The cross-functional product team is the most effective and efficient unit for delivering digital products. How does the new world of generative AI impact the product team? Read on to find out.
4 min read
By Runar Ovesen Hjerpbakk
December 14, 2023
Cross-functional product teams bring together professionals with diverse skill sets such as engineering, design, product management, and data science. This amalgamation of skills fosters a holistic approach to product development, encouraging innovative solutions and faster problem-solving.
Generative AI, like Large Language Models (LLMs), has exploded in both use and usefulness this past year. Tools such as GitHub Copilot and ChatGPT, with the ability to create content, solve complex problems, and automate tasks, are set to revolutionize how our teams operate. From designing user interfaces to predicting market trends, generative AI tools are not just assistants but active contributors in the creative process—a shift allowing for less busywork, as routine tasks can be completed more efficiently with AI help.
Generative AI can significantly enhance creativity within product teams. For example, AI-driven design tools can generate multiple design options, enabling designers to explore creative avenues they might not have considered. Similarly, AI-powered data analysis can unveil insights that drive more informed decision-making.
Despite its benefits, integrating generative AI into cross-functional teams is not without challenges. Teams must navigate issues related to data privacy, ethical AI use, and maintaining a balance between human creativity and AI efficiency.
As generative AI continues to evolve, its impact on cross-functional product teams will only grow. Teams that effectively integrate these technologies will find themselves at the forefront of innovation in digital product development.
AI can do the thunking; humans can do the thinking. Increase your productivity, automate more advanced menial tasks, and use the freed-up time to improve yourself, your team, and your product.
Users' experiences with AI-enhanced products like Lightroom, Notion, or even Snapchat put new pressure on teams wanting to deliver top-notch UX experiences. But for most teams, simply putting an LLM in the front end and calling it a day is not enough. Even though access to AI is only an API call away, they excel at giving plausible examples, not necessarily the correct answer to user requests.
So don't just embed GPT and pine for the fjords. Understand your user's jobs to be done and use AI to actually improve their experiences with your product. Today's tools are good at summarizing qualitative information, understanding user input, and generating funny images and avatars. But what is unique about the experience of your product in the context of your user base?
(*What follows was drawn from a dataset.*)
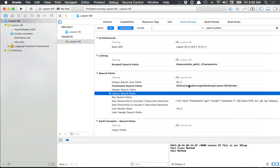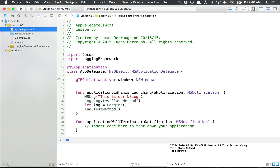Embedding a framework means you'll have a copy of it within your project. Linking to a framework means you're linking to a place on disk — you only want to do this if the framework is something like Apple's frameworks where you're guaranteed it's on the system. That's pretty much all I want to talk about for frameworks. If you have any other questions please leave your comments below and I will see you in an upcoming tutorial.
Find an answer to that question, either as a golden use case enabling new features that confer a long-term advantage, or improve your table stakes features to enhance your users' efficiency within your product. Iteration, as always, is key, so move fast, run experiments, and understand the effects these have on your users.
If your company has an AI strategy (as it should), use that to guide you. If not, this simple hierarchy of steps might be useful:
Learn as you go along, and don't forget about the fundamentals of digital product development. Focus on your users' pain points and your golden use cases. And, if you're good, leverage first-party data as your moat.
To summarize, in the hands of a skilled team, AI tools can be huge productivity boosters, and the time for experimenting with them is now! Generative AI is to products as salt is to food. Every dish needs some, but additional spice is most of the time needed (except for in traditional Norwegian cuisine).